One argument for wearing facemasks during the COVID-19 pandemic is to protect the most vulnerable, which generally is taken to mean older people with compromised immune systems. However, a different vulnerable population stands to benefit, too.
We’re talking about women and children caught in abusive relationships and who need for the reopening of Oklahoma, and the country, to continue because living in lockdown only makes matters worse.
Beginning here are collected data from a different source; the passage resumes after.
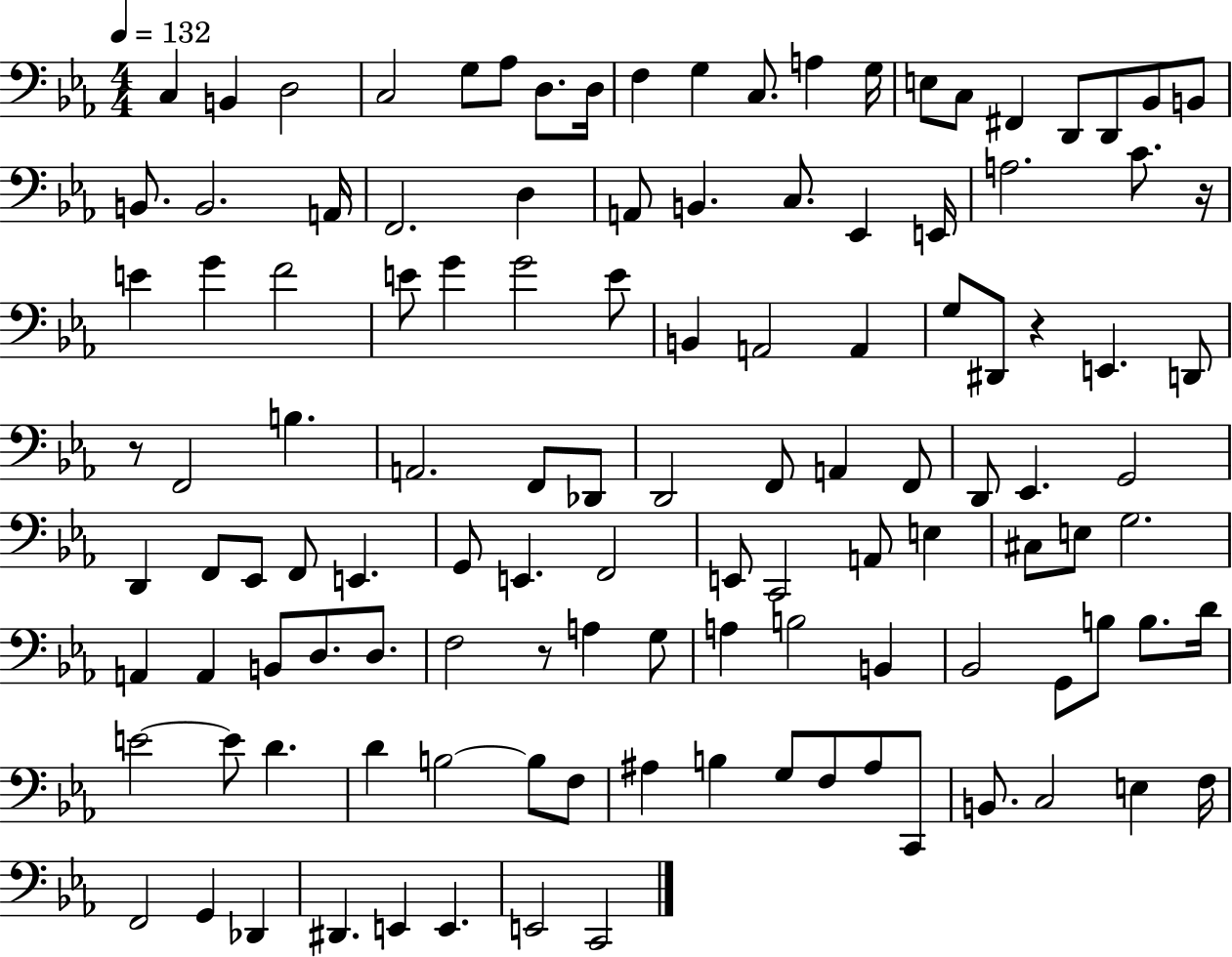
X:1
T:Untitled
M:4/4
L:1/4
K:Eb
C, B,, D,2 C,2 G,/2 _A,/2 D,/2 D,/4 F, G, C,/2 A, G,/4 E,/2 C,/2 ^F,, D,,/2 D,,/2 _B,,/2 B,,/2 B,,/2 B,,2 A,,/4 F,,2 D, A,,/2 B,, C,/2 _E,, E,,/4 A,2 C/2 z/4 E G F2 E/2 G G2 E/2 B,, A,,2 A,, G,/2 ^D,,/2 z E,, D,,/2 z/2 F,,2 B, A,,2 F,,/2 _D,,/2 D,,2 F,,/2 A,, F,,/2 D,,/2 _E,, G,,2 D,, F,,/2 _E,,/2 F,,/2 E,, G,,/2 E,, F,,2 E,,/2 C,,2 A,,/2 E, ^C,/2 E,/2 G,2 A,, A,, B,,/2 D,/2 D,/2 F,2 z/2 A, G,/2 A, B,2 B,, _B,,2 G,,/2 B,/2 B,/2 D/4 E2 E/2 D D B,2 B,/2 F,/2 ^A, B, G,/2 F,/2 ^A,/2 C,,/2 B,,/2 C,2 E, F,/4 F,,2 G,, _D,, ^D,, E,, E,, E,,2 C,,2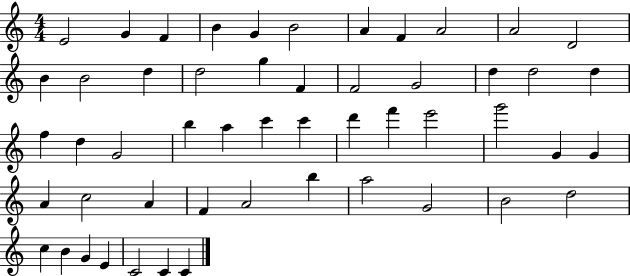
{
  \clef treble
  \numericTimeSignature
  \time 4/4
  \key c \major
  e'2 g'4 f'4 | b'4 g'4 b'2 | a'4 f'4 a'2 | a'2 d'2 | \break b'4 b'2 d''4 | d''2 g''4 f'4 | f'2 g'2 | d''4 d''2 d''4 | \break f''4 d''4 g'2 | b''4 a''4 c'''4 c'''4 | d'''4 f'''4 e'''2 | g'''2 g'4 g'4 | \break a'4 c''2 a'4 | f'4 a'2 b''4 | a''2 g'2 | b'2 d''2 | \break c''4 b'4 g'4 e'4 | c'2 c'4 c'4 | \bar "|."
}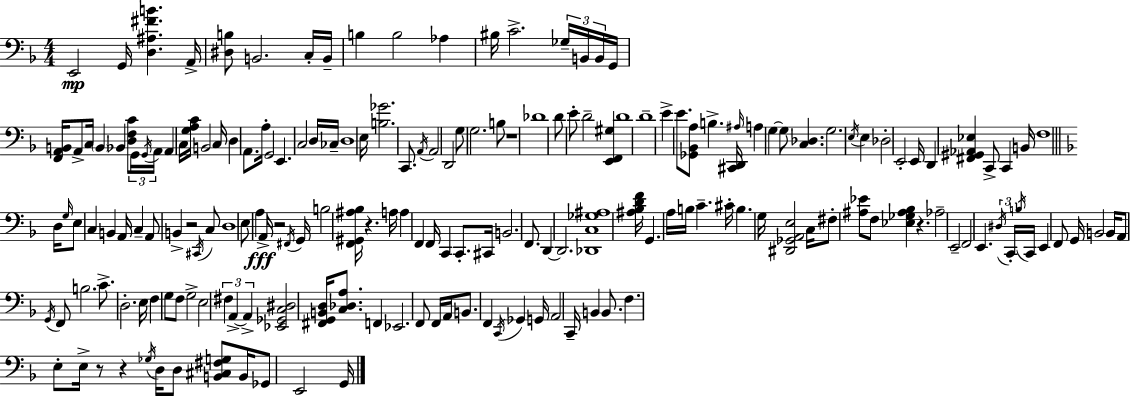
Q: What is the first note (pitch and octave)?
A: E2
In mid-April, one month after schools and many nonessential businesses closed in Oklahoma, officials said domestic violence calls in Oklahoma City had trended up, compared with the same time in 2019. Julie Gordy, executive assistant to the CEO at Palomar, which provides services to victims of domestic violence and sexual assault in Oklahoma City, says average calls per week to the agency climbed from 161 in March to 225 in June.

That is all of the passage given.